Myanmar might get more aid

Published: Sunday, Dec. 28 2008 12:17 a.m. MST

UNITED NATIONS — International sanctions and Laura Bush's personal intervention did not make Myanmar's generals ease their political oppression. Neither did quiet diplomacy, nor the devastation of a cyclone.

So the United Nations is attempting a new approach: It is trying to entice the generals with fresh promises of development money.

According to senior U.N. officials, special envoy Ibrahim Gambari has proposed that nations offer Myanmar financial incentives to free more than 2,000 political prisoners, including Nobel laureate Aung San Suu Kyi, and to open the country to democratic change.

In the months ahead, the U.N. leadership will press the Obama administration to relax U.S. policy on Myanmar and to open the door to a return of international financial institutions, including the World Bank. The bank left in 1987 because Myanmar, also known as Burma, did not implement economic and political reforms.

"It cannot be business as usual. We need new thinking on how to engage with Myanmar in a way that will bring tangible results," Gambari said in an interview, adding that the United Nations cannot rely simply on "the power of persuasion with too little in the (diplomatic) toolbox."

But critics characterize the strategy as a desperate attempt to salvage a diplomatic process that has so deteriorated that Suu Kyi and Senior Gen. Than Shwe, Myanmar's military ruler, declined to meet with Gambari during his last trip there, in August. Gambari, critics say, is simply grasping to show progress in moving a regime that has no intention of embracing democratic reform.

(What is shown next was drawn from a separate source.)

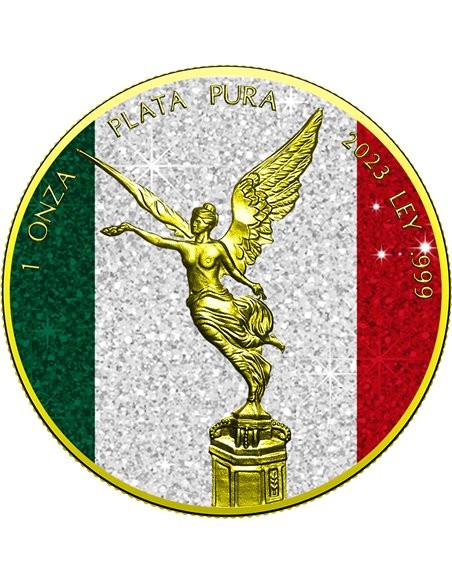 DIAMOND FLAG Libertad 1 Oz Silver Coin Mexico 2023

The United States and Britain have resisted financial perks, arguing that Myanmar should not be rewarded for bad behavior. They are not "under any illusions that sanctions would solve Myanmar's problems," said Jared Genser, Suu Kyi's Washington-based attorney and president of the advocacy group Freedom Now. But "if you flood them with development assistance, it will only go to the junta's favored few," Genser said.

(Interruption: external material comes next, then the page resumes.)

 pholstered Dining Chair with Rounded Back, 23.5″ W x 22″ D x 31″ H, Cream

Gambari outlined his strategy in a confidential paper he presented last month to U.N. Secretary General Ban Ki-moon. In it, according to senior U.N. officials who have seen the document, Gambari endorses building on the relations Myanmar established with the outside world after Cyclone Nargis struck the country in May. He also calls for an increase in development assistance to Myanmar and proposes that wealthy countries expand the nation's access to foreign investment, the officials added.